Currently, firewalls are used in the network infrastructure, mostly at the periphery of the network (the technique is called perimeter protection) to prevent and/or rate-limit malicious packets from reaching servers and the end-points. However, this alone is not sufficient to prevent DoS attacks on VoIP, as it takes very little network traffic to disrupt a VoIP end-point. Setting bandwidth limits at very low levels at the perimeter of the network also prevents legitimate traffic from reaching the devices. Therefore, a complementary and viable approach is to filter illegitimate traffic at the device itself in addition to the network perimeter. In other words, each device needs an efficient embedded firewall to be resilient against flooding based DoS attacks. The core of any firewall is the packet-classification engine. There are two conflicting dimensions to the performance of a packet classifier, time and space. A large body of research has been devoted to understanding the trade-offs between time and space complexity of the packet classification problem. Typical packet classification is done on a limited set of header fields in a packet. The fields, associated values and the firewall action (drop/forward) are specified as rules, which the classification engine takes as input.
Packet classification is a core technology used in infrastructure elements such as routers, switches, and firewalls. The goal of these elements is to process/forward as much traffic as they can at wire speeds up to the backplane capacity. In other words, the efficiency of packet classification should be such that it should not be the bottleneck in packet forwarding while still being able to support a large number of rules.
Accordingly, the primary design goals for packet classifiers have been scalability and speed traded off against memory space needed. While a simple linear search takes O(n) storage, its time complexity is also O(n), which is not appropriate for efficient processing of a large number of rules. The techniques for efficient packet classification can be divided broadly into four categories: algorithmic; heuristic; hardware assisted; and special cases.
An object of the present invention is to provide an apparatus and method for protecting a communication appliance against Denial-of-Service attacks.
Assuming that the communication appliance is a unit cycle device and that the device needs X cycles to process peak, valid load then 1-X cycles are left to classify and filter all arriving packets. If the classification and filtering mechanism ensures that it can correctly handle a packet rate which is less than or equal to the upper bound on ingress packet rate within 1-X cycles, then the communication appliance can sustain any flooding based DoS attack up to the limit of the network pipe. Therefore, another object of the invention is to design a device-based efficient firewall which meets the above condition for withstanding a flooding-based DoS attack.

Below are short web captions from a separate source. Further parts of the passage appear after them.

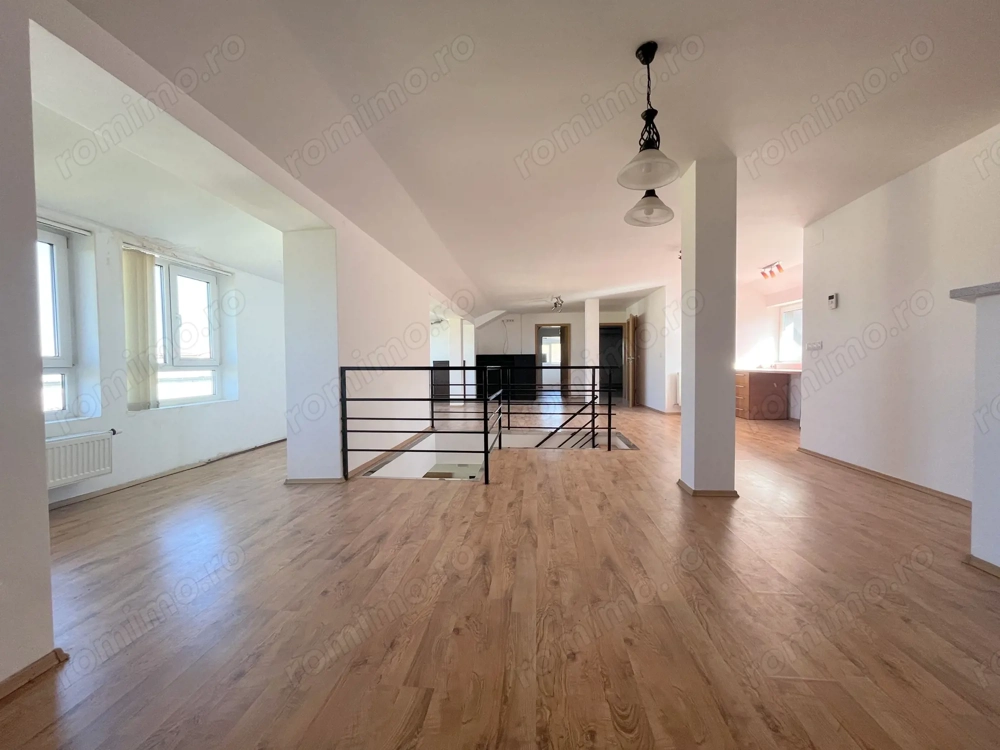 Apartament 4 camere, deosebit – mansardă spațioasa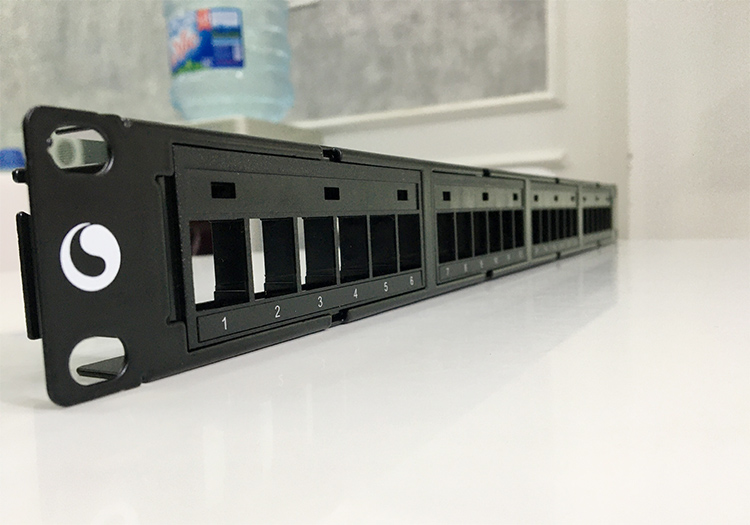 Patch panel Cat5e 24 port Commscope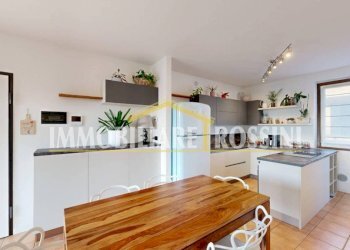 Salone - Quadrilocale via del Gaggio, 8, Varese - foto 2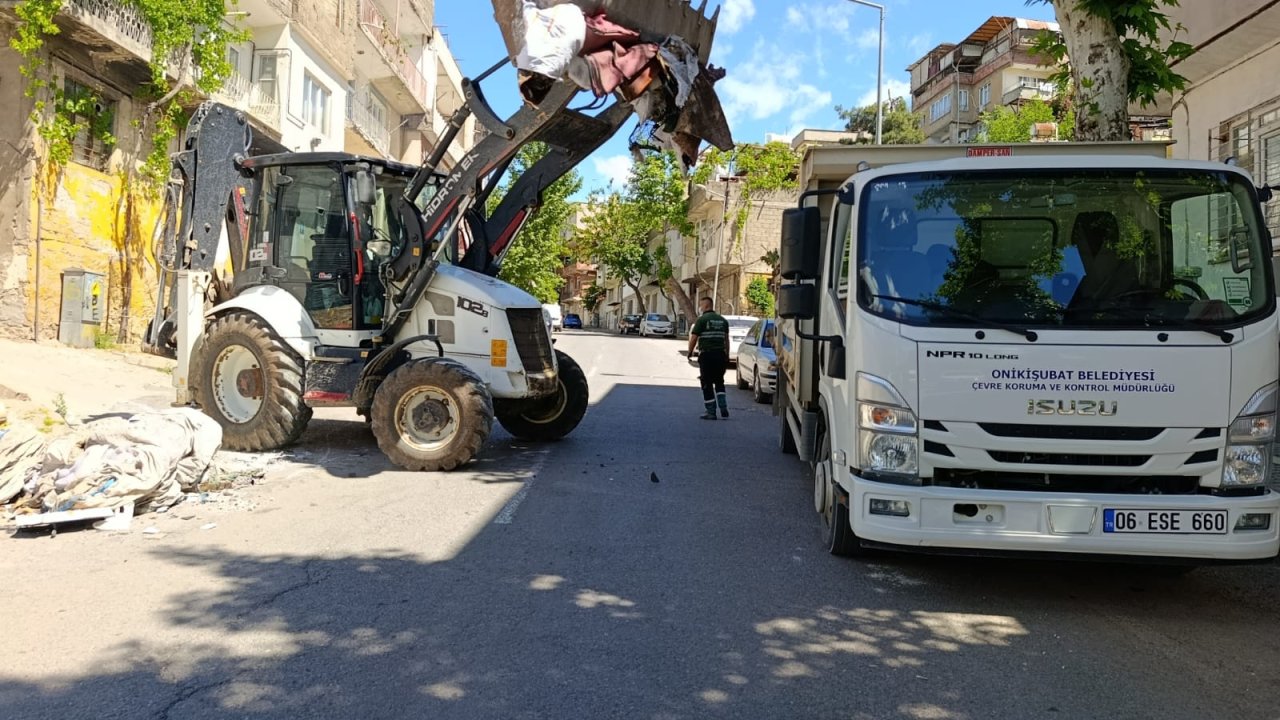 Onikişubat Belediyesi Bayramda Alarmda 288 Personel ve 65 Araçla Sahada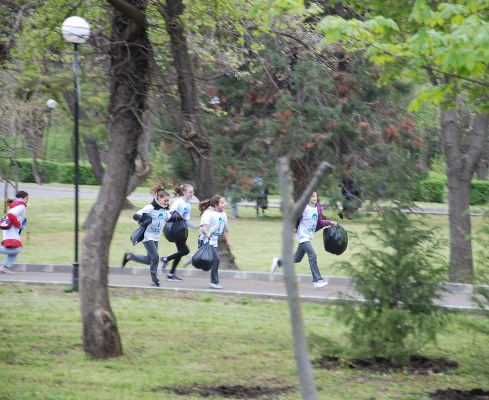 16 000 буразлии чистят града си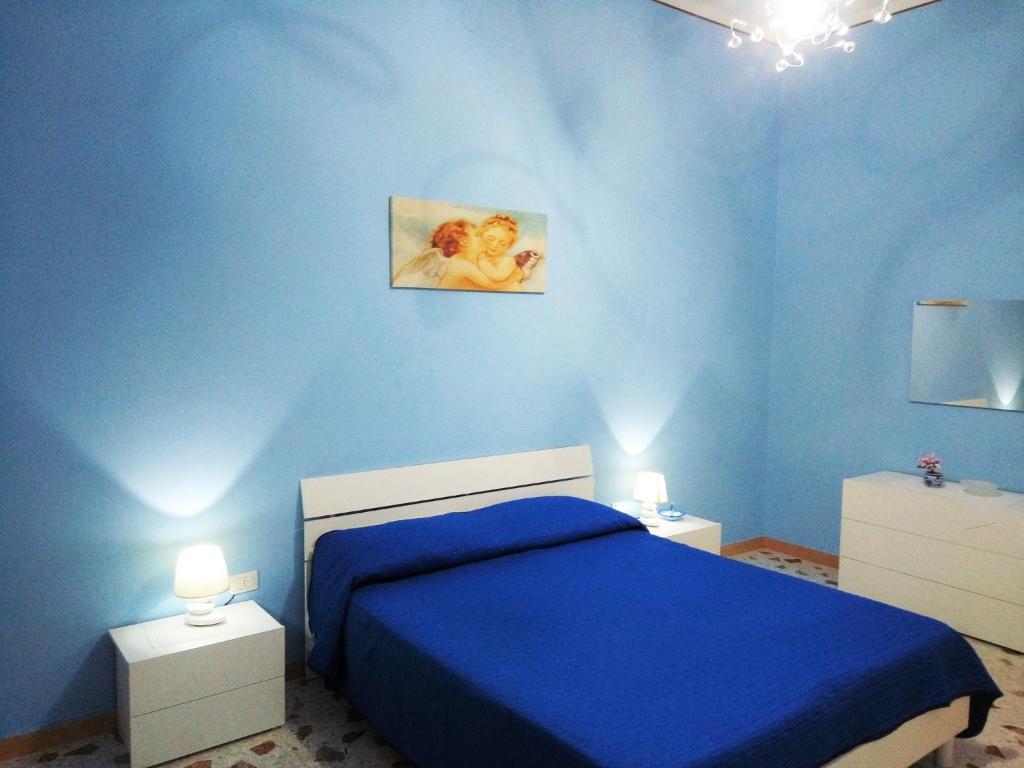 加利波利Casa Vacanze Serafina的一间蓝色卧室,配有床和2个床头柜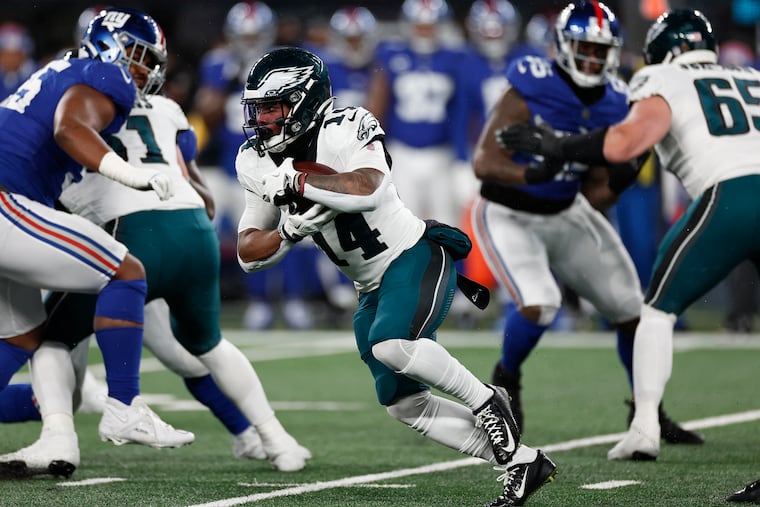 Running back Kenneth Gainwell carries the ball during the Birds' regular-season finale against the Giants.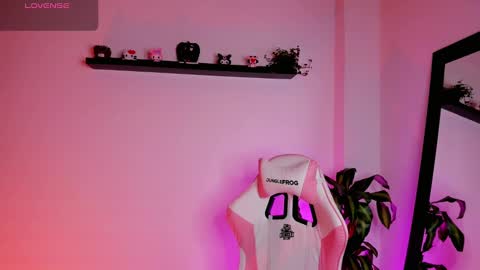 Kali Ka Please help me with your thumbs up its important   dont forget my birthday on October 26 online show from September 10, 6:41 pm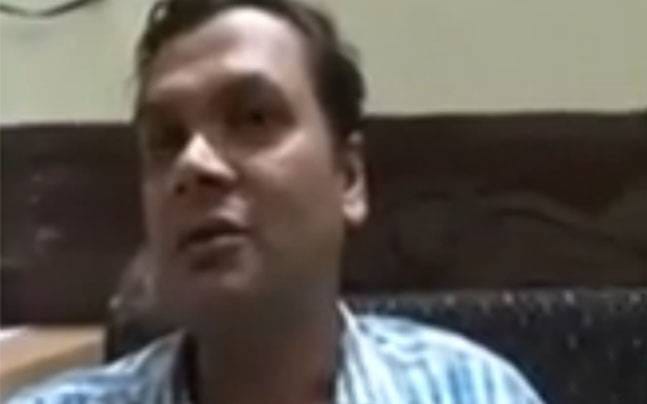muslim man scared lynching wore burqa on train 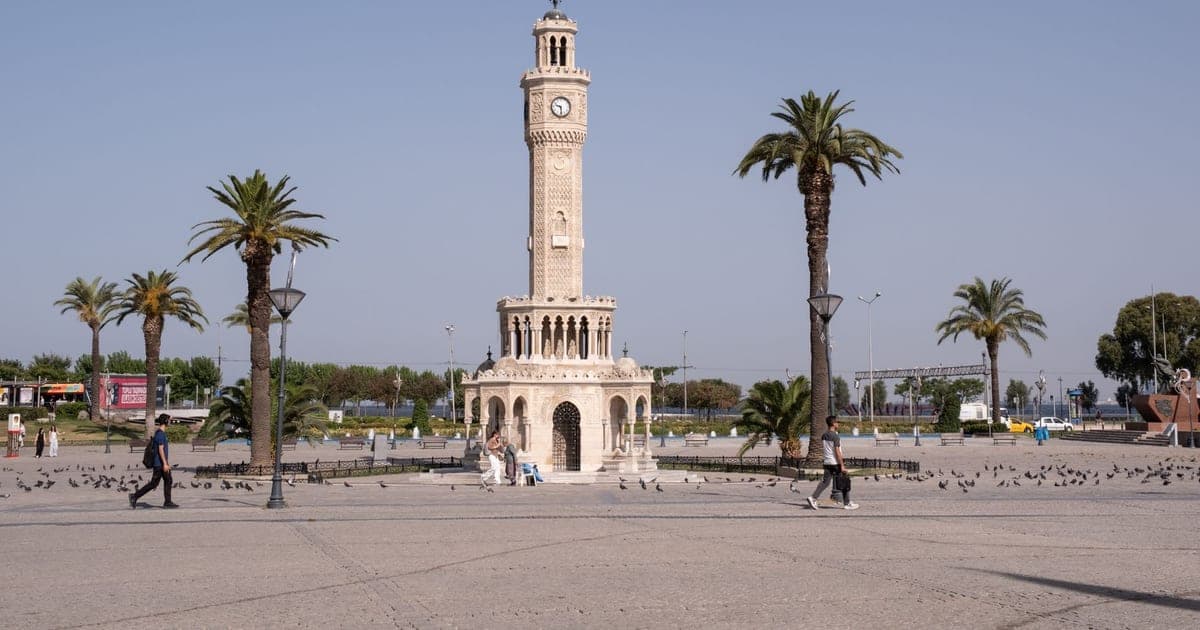 Ankara İzmir Arası Kaç Km? Arabayla, Otobüsle ve Uçakla Kaç Saat?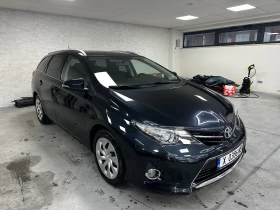 Toyota Auris 1.4D4d 90к.с Обслужена* Всичко платено, снимка 1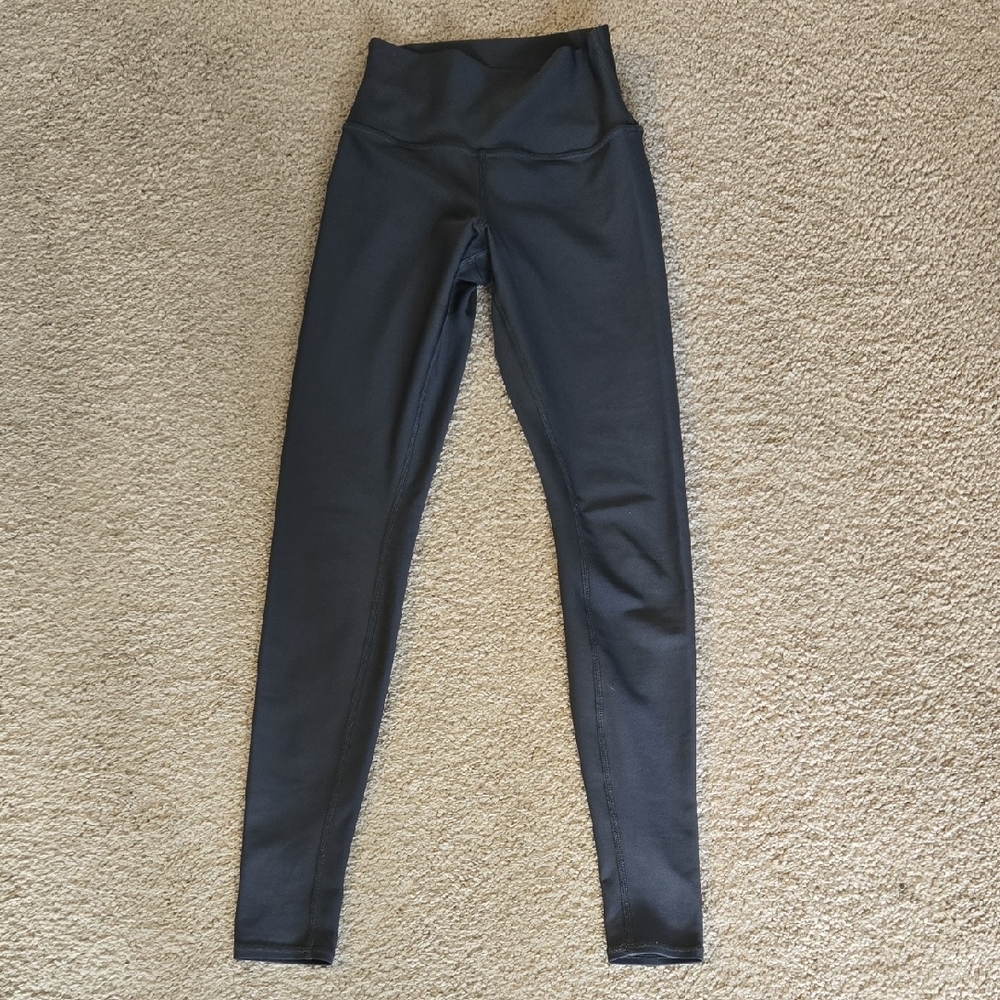 ALO Yoga Charcoal Leggings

The object is met by a method for preventing or limiting the effects of Denial-of-Service attacks in a communication appliance having a packet-classification rule base which allows all legitimate packets to be forwarded to the communication appliance, wherein the method includes monitoring incoming packets to the communication appliance to determine whether conditions indicating a Denial-of-Service attack are present and selecting a rule base subset of the packet-classification rule base from a plurality of rule base subsets based on a current one of a plurality of operating states of the communication appliance when the conditions indicating a Denial-of-Service attack are determined to be present.
The determination of whether conditions indicating a Denial-of-Service request are present includes determining whether a rate of ingress exceeds a threshold rate. The communication appliance may have a plurality of operating states having different maximum legitimate packet ingress rates. The threshold rate may be varied based on a current operating state of the communication appliance. The threshold rate may be further dependent on whether the received traffic is periodic, features used by the communication appliance, an inherent packet rate transmitted by the sender, and/or network latency and jitter.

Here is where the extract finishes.